# THE PROBLEM:
In the records below, the lines between the one holding "KIA CEED Kombi" and the one holding "spacewalk-- Beijing Review", inclusive, are to be transcribed exactly; no pictures are to be included.

# GIVEN RECORDS:
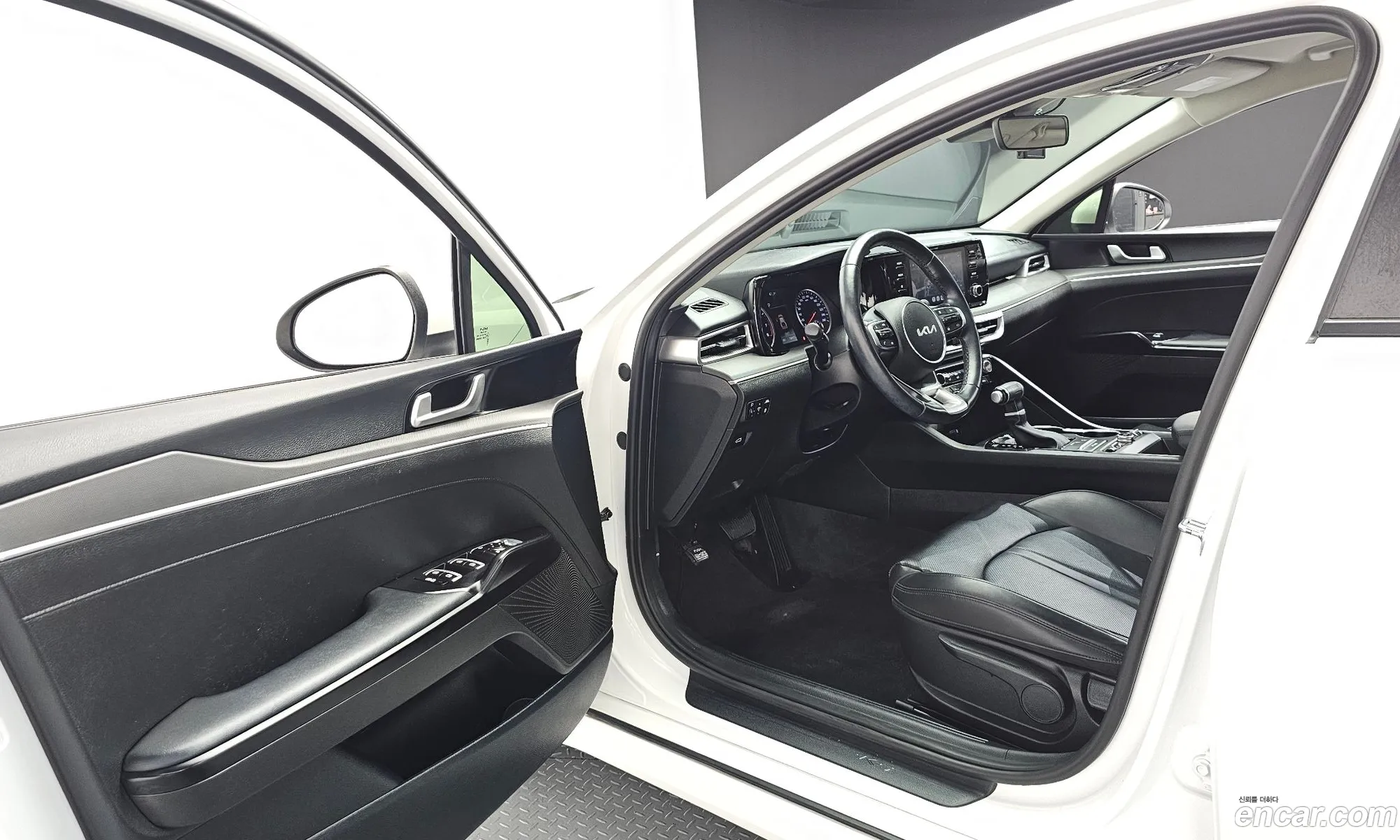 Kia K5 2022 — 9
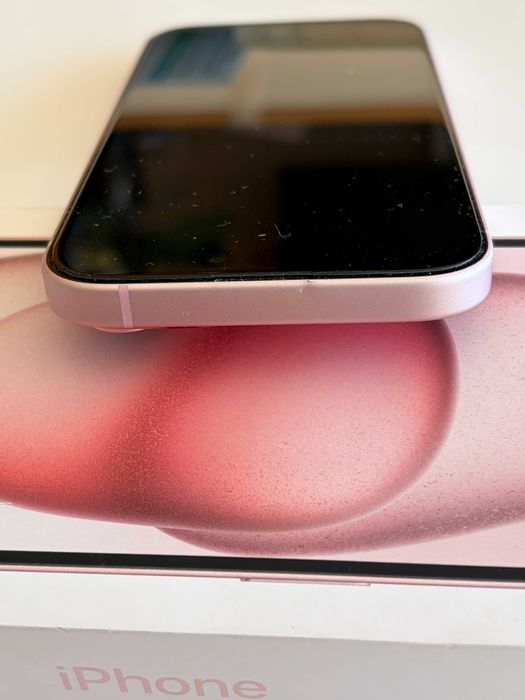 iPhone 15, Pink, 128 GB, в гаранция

==

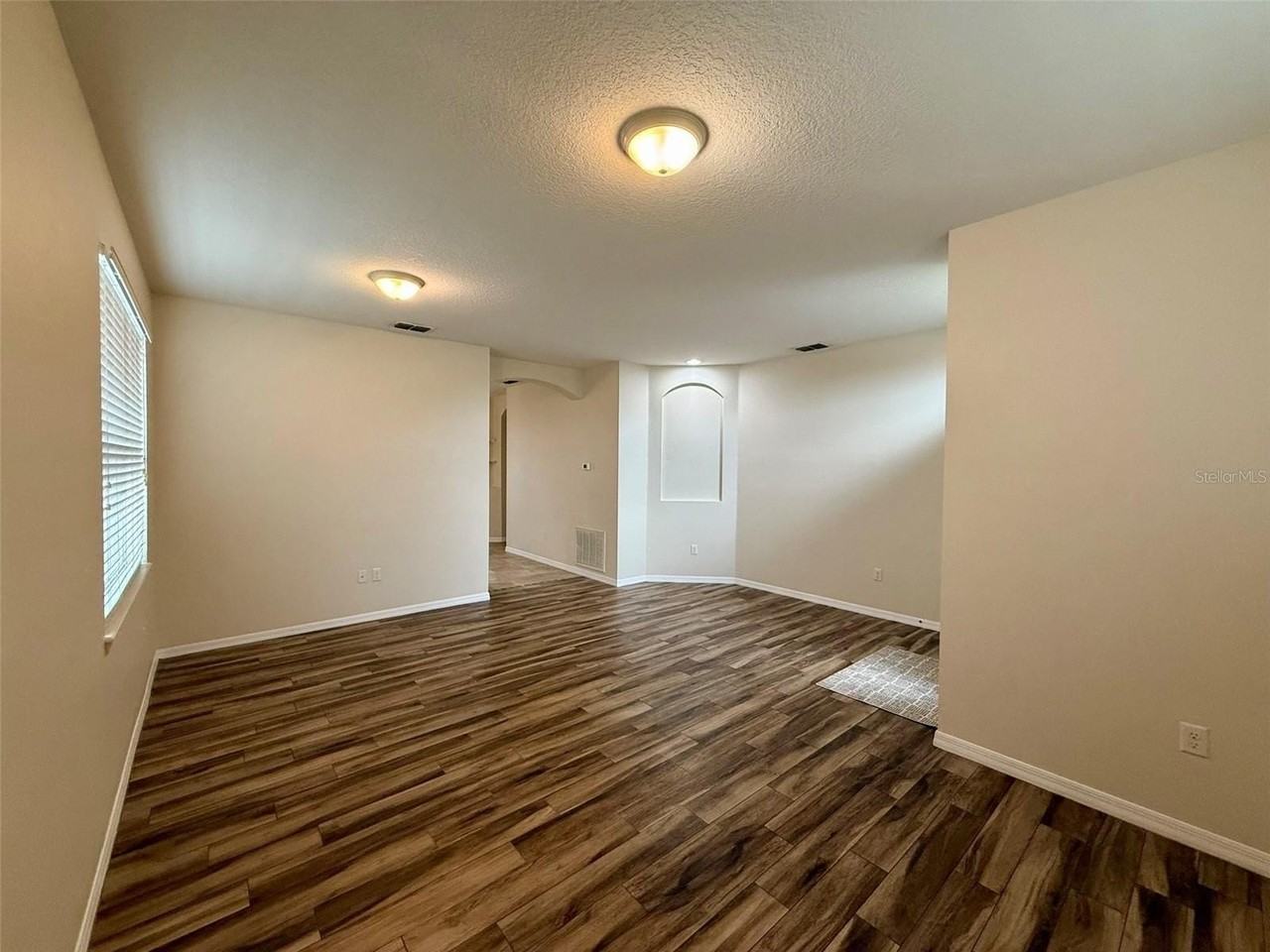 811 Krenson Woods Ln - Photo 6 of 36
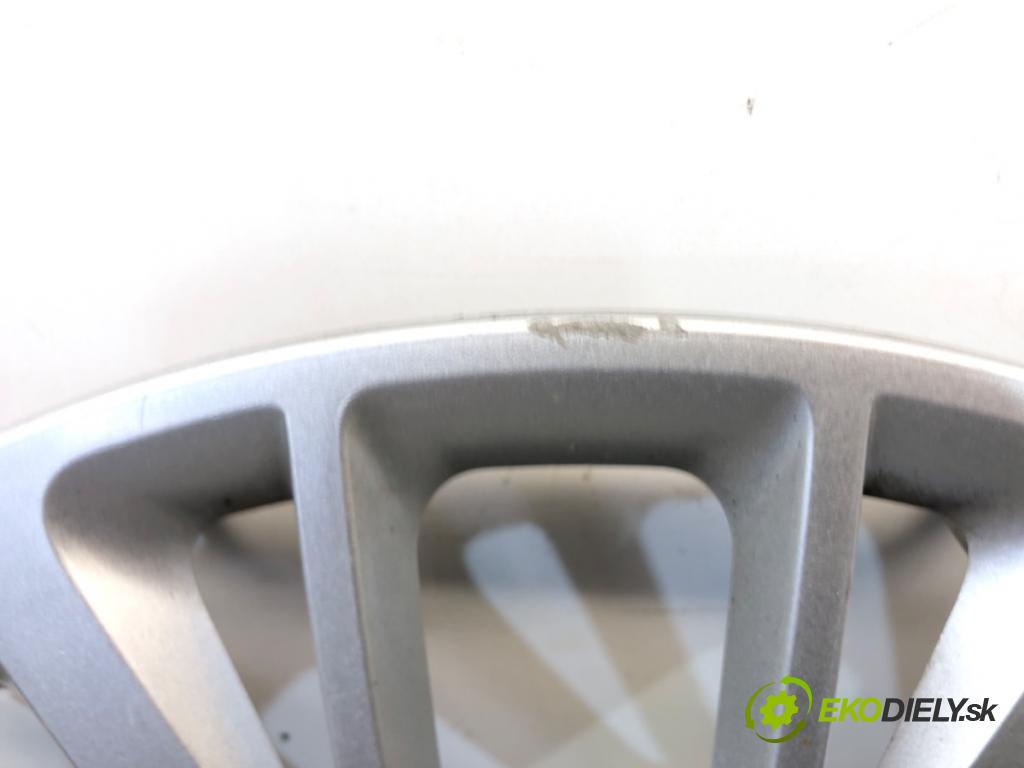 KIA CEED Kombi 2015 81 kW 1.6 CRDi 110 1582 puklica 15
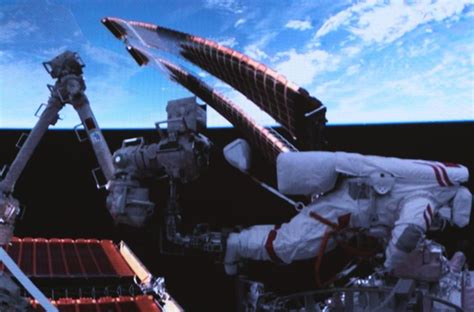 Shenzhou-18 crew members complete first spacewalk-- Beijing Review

# RESPONSE BELOW:
 KIA CEED Kombi 2015 81 kW 1.6 CRDi 110 1582 puklica 15
 Shenzhou-18 crew members complete first spacewalk-- Beijing Review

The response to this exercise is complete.